City-specific files (local input parameters/datasets).

This section covers the 5 city-specific input files required to run the model.

  • Travel survey (example trips dataset). A table of all trips taken by a group of people on a given weekday. It also includes people who take no trips. This data should come from an official travel survey for the city where possible.

    • One row per trip (or stage of trip)
    • Minimal columns: participant_id, age, sex, trip_mode, trip_duration (or trip_distance)
    • Other columns: stage_mode, stage_duration (or stage_distance)
  • Injury events (example injuries dataset). A table of recorded road-traffic injury (fatality) events in a city during one or more years.NOV refers to No Other Vehicle.

    • One row per event
    • Minimal columns: victim mode (cas_mode) and strike mode (strike_mode)
    • Other columns: year, cas_age, cas_gender, weight (weight column should give number of years for which data exists if no year information is given)
  • Baseline mortality and years of life lost (example dataset). This gives the burden of mortality and years of life lost (YLL) for different causes of mortality and YLL. If no city-specific information exists, country level information can be used.

    • One row per health outcome/metric/age/gender combination
    • Minimal rows: Measure (death/YLL); sex_name (Male/Female); age_name (‘x to y’); cause_name (health outcome names); val (value of burden); population (number of people val corresponds to, e.g. population of country)
  • Population of city (example population dataset). This information is used to scale the baseline mortality and YLL data from the country’s value to the city’s population under study.

    • One row per demographic group
    • Columns: sex, age, population
    • age column should share boundaries with age_name in the baseline mortality and YLL data, but can be more aggregated.
  • Physical activity survey (example physical activity dataset). This is used to represent the physical activity levels in the city and should be taken from an official physical activity survey of the city where possible.

    • One row per person
    • Columns: sex, age, ltpa_marg_met (background non-transport, non-occupational weekly PA volume in mMETS hours)
Global files (global input parameters/datasets)

In order to setup the model, we need a fixed list of tables/datasets, which do not change across cities/ applied similarly to all cities and are hence referred to as “Global”, such as:

  • Health outcome interaction table.

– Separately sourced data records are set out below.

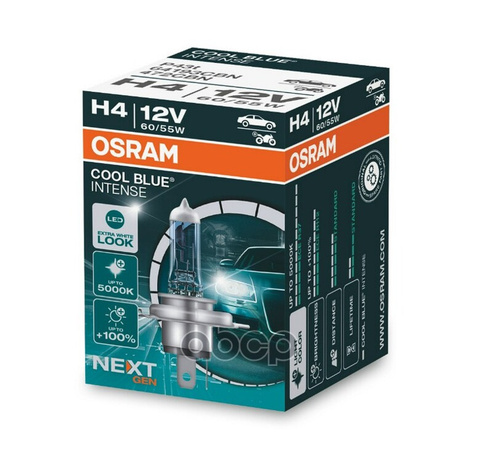 Лампа 12V H4 60/55W P43t 5000K Osram Cool Blue Intense 1 Шт. Картон 64193Cbn Osram арт. 64193CBN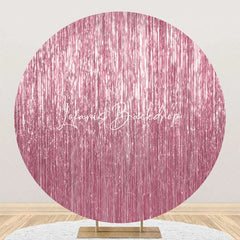 Lofaris Round Rose Gold Glitter Ribbons Birthday Backdrop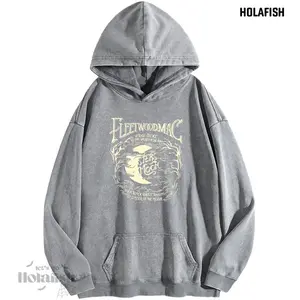 Holafish Women's Moon Print Acid Wash Hoodie Vintage Sweatshirt Oversized Loose Fit Winter Warm Streetwear Casual Tunic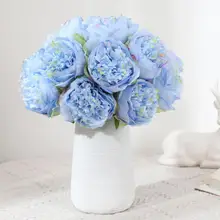 

1Pc 5 Head Peony Fake Flower Faux Silk Flower Floral Arrangement Artificial Plant Desk Decor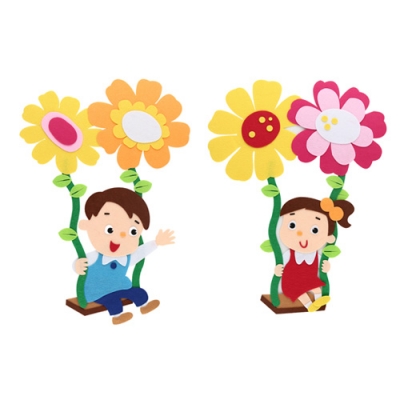 [유니아트] 펠트 꽃그네 탄 아이 (2종 택1)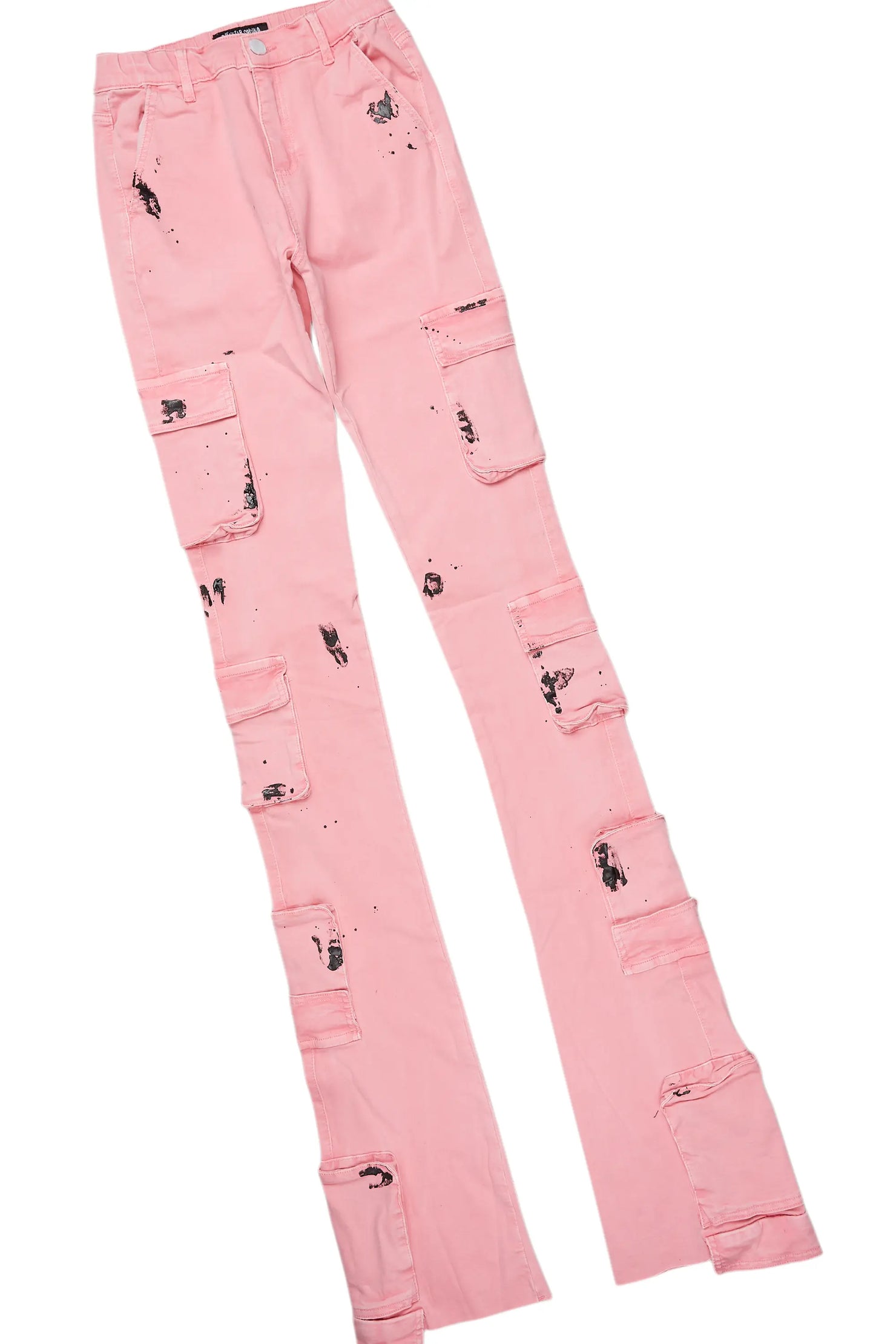 Kelony Grey/Pink Hoodie/Super Stacked Jean Set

A table with a list of health outcomes related to a specific pathway such as Air Pollution and Physical Activity and also the interaction between them.

  • Air Pollution Exposure Response Functions (ERFs). These give the exposure-response relationships between air pollution (PM2.5) and its impact on health for different health outcomes. We have collected/cleaned datasets from published studies for this.

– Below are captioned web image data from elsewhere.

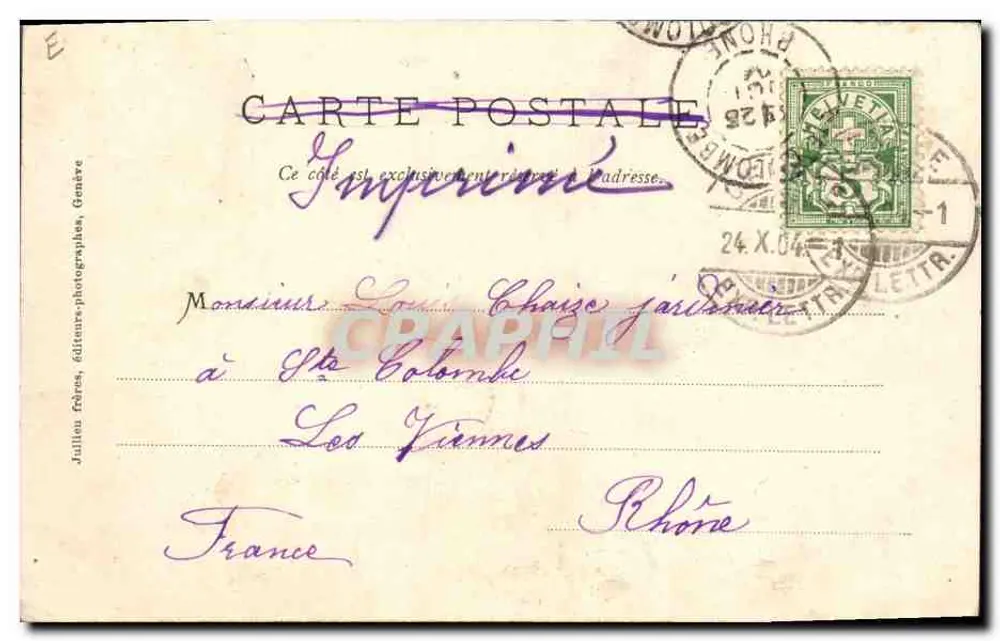 Vendanges em Genebra — J.J. 3036 — edição Jullien frères, Genebra - Verso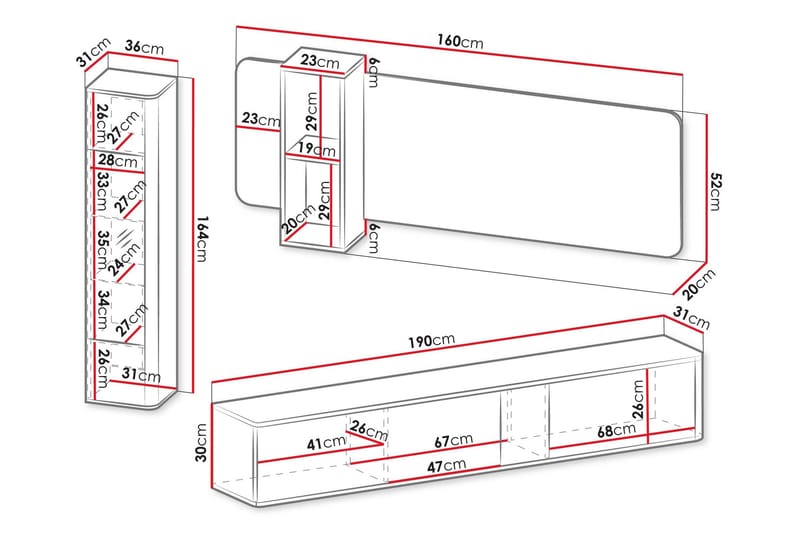 Zalricus Möbelset För Vardagsrum - Beige - Products - Förvaring - Förvaringsmöbler - Möbelset för vardagsrum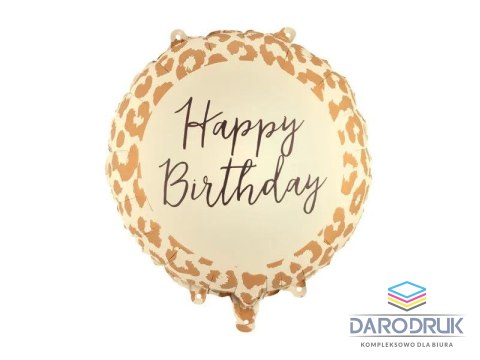 Partydeco Balon foliowy pastylka Happy Birthday w cętki, 18cal Partydeco (FB393)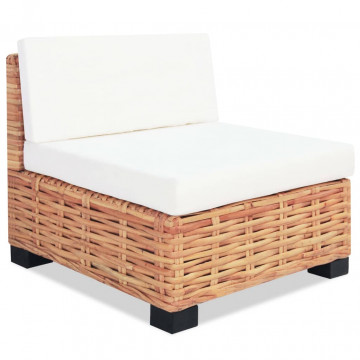 Set mobilier cu canapea 27 piese, culoare naturală, ratan - Img 8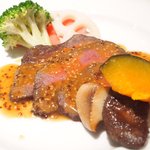レストラン・リサキ - ランチコース 3672円 の牛肉の粒マスタードソース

  • Physical Activity Dose-Response Functions (DRFs). These are dose-response relationships of physical activity and its impact on health for different health outcomes. Similar to air pollution, this too comes from published studies. This now sits in an independent R package called drpa.

  • Ventilation rate tables. This data can be found in inst/extdata/global/ventilation_rate and details the distribution and parameters required to estimate how much air is being inhaled by different people across different activities in the model’s baseline population.

Call multi_city_script.R

In order to run ITHIM-R once it has been installed and the various input files described above have been updated, open the multi_city_script.R file within RStudio. This file can be found under the Files tab in the middle pane on the right hand side. This is the key script to run ITIHM-Global in constant mode (i.e. keeping the input parameters fixed, without sampling the input parameters from distributions). It reads in all the required datasets and initialises all variables by calling run_ithim_setup and then runs the model by calling run_ithim.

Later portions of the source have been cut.